India-Sri Lanka relations−Good, Bad or Ugly?

India Sri Lanka Relations

India Sri Lanka Relations

India and Sri Lanka share a relationship that is more than 2,500 years old since the first point of contact, both nations have built a relation upon a legacy of religious, cultural, intellectual and linguistic interaction. Both the countries attained Independence from British colonial rule in successive years, while India gained in 1947, Sri Lanka or Ceylon as it was known at the time got independence in 1948.

In the first three decades since India and Sri Lanka gained independence both shared a mutual respect and cordial relations. The 1980s was a period when the relations soured between both the countries, with armed resurgences in Sri Lanka and India’s alleged involvement in training Lankan Tamil Tiger Eelam (LTTE), who were fighting for the rights of the oppressed Tamil population in the country. The growing angst among the Tamil population in India and an increasing number of refugees that flooded the country led India to be involved directly in the ongoing Sri Lanka civil war in the year 1987. India-Sri Lanka ties have improved in the recent years with high-level of diplomatic exchanges and signing of several agreements to give a positive momentum to the relationship.

The Sri Lankan civil war and deteriorating India-Sri Lanka Relations

The 1980s saw the civil war escalate on Sri Lankan soil with LTTE carrying out armed insurgences against the Sri Lankan government, fighting for the rights of minority Tamil population on the island nation. Sri Lankan government violated several human rights statutes in the process of exterminating the armed insurgencies that saw thousands of civilians, military personnel, and armed insurgents losing their lives.

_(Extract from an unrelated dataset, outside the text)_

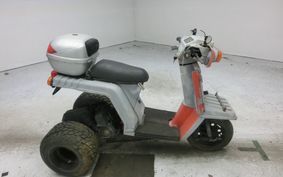 HONDA GYRO X TD01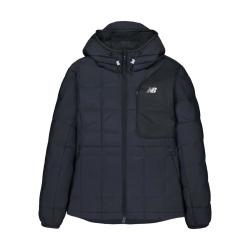 new balance 男士羽绒服 NPE45011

The Indo-Sri Lanka Peace Accord

  • The bilateral peace Agreement signed on July 1987, allowed India to look after the task of mediation, one of the most intricate part of international politics. India preferred a military impasse, as it would compel Sri Lankan Government and the Tamil militants to seek a political solution for the conflict.
  • The Indian actors involved in the conflict, ignored leaders like A. Amirthalingam and, in turn, instigated the militants to be the sole representatives of the Sri Lankan Tamils.
  • The Indian mediators were replaced frequently and that broke the consistency in the negotiation process. It was a shambolic failure on the part of Indian leaders as well as the 14 foreign policy experts deployed by the Indian government, as they failed to understand the cunning motives of Jayewardene, who used Indian military to disarm the LTTE by seeking military intervention.
  • Sending the Indian Peace-Keeping Force (IPKF) was the most crucial point in India-Sri Lanka relations, which highlighted the hollowness of the 1987 Peace Accord between India and Sri Lanka and proved to be a major diplomatic failure on the part of the Indian Government.
  • The Agreement was prepared in a great hurry with many impracticable provisions that instead of helping India’s cause deteriorated the situation between both the countries. Indian Government committed some grave mistakes on its part and the whole idea of intervention proved to be a big failure.

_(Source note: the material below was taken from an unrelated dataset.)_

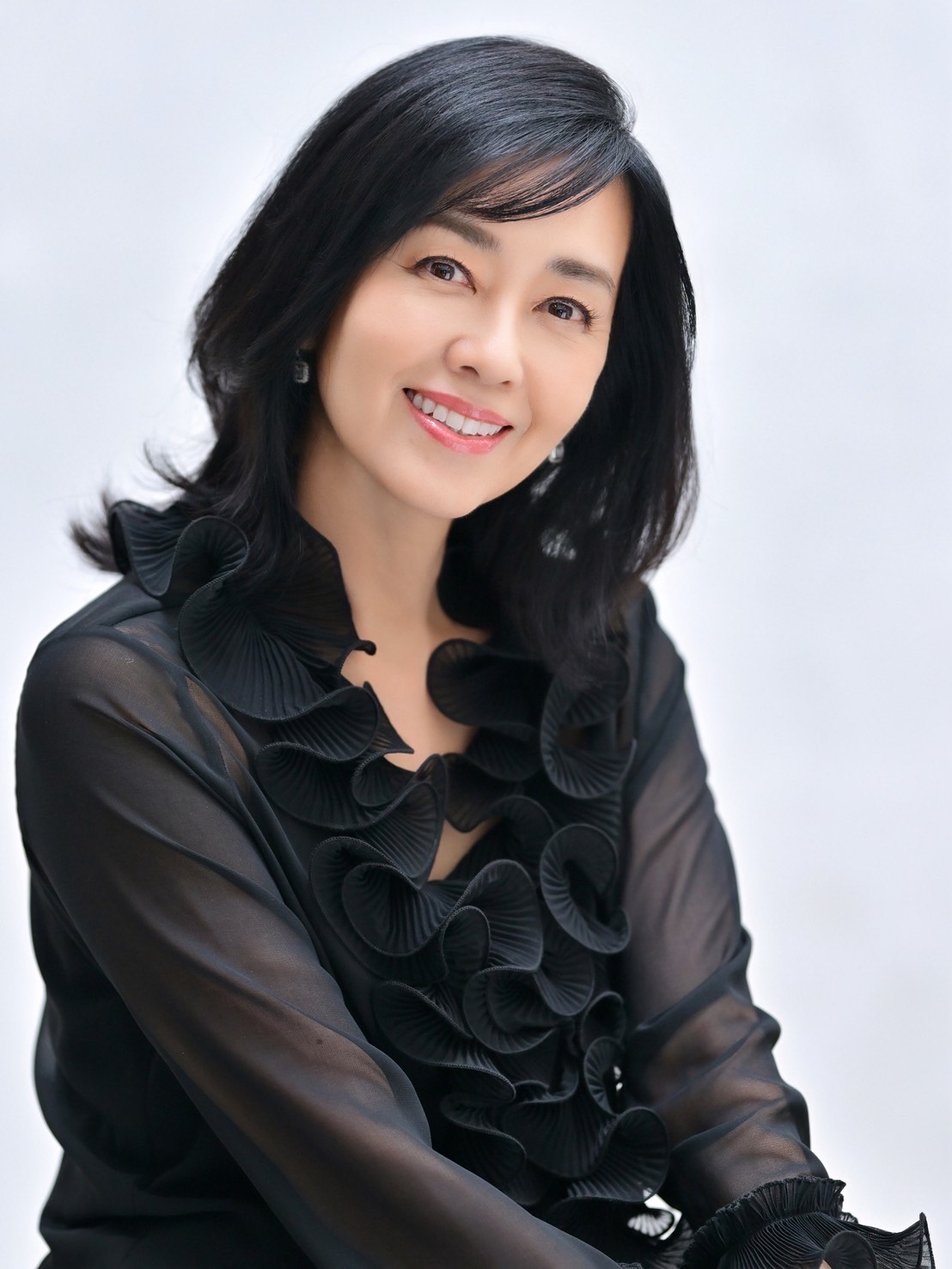 早見優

The end of civil war and stability between both nations

After nearly three-decades, the armed conflict between Sri Lankan forces and the LTTE finally came to an end in May 2009. India was always supportive of the Sri Lankan government’s right to act against the armed insurgents in the country. The Indian government conveyed its deepest concern at the plight of Tamil civilian population at every point. Emphasising on the rights and welfare of the Tamil population of Sri Lanka, Indian government always stood for these rights. India always reiterated the need for national reconciliation through a political settlement of the ethnic issue. India always persisted in favour of a political mediation of the conflict, which is acceptable to all communities within the framework of a united Sri Lanka and which is consistent with democracy, pluralism and respect for human rights.

Economic Ties

India and Sri Lanka had strong economic relations in the pre-colonial era, but during the nearly five centuries of colonial rule under the Portuguese, Dutch and British weakened the relations between both the countries. After both countries gained independence from the colonial rule, economic relations started to revive between India-Sri Lanka to a certain extent but due to the inward-looking policies that dominated the policy making in countries until the mid-1980s it was less significant. With the liberalisation of economies in the 1990s. India is the third largest export country for Sri Lanka, with exports to India averaged at 5218.24 USD Million from 1957 till 2018. It reached an all time high of 30541.44 USD Million in March of 2013 and reached all-time low of 59.01 USD Million in June 1958. Exports from India to Sri Lanka increased at 20.2 percent year-on-year basis to USD 28.86 billion in May, 2018. Exports to Sri Lanka from India averaged at 27.84 INR Billion from 2014 until 2017 in India, it reached a record high of 53.84 INR Billion in April, 2015, and a recorded a low of 0 INR Billion in April, 2014.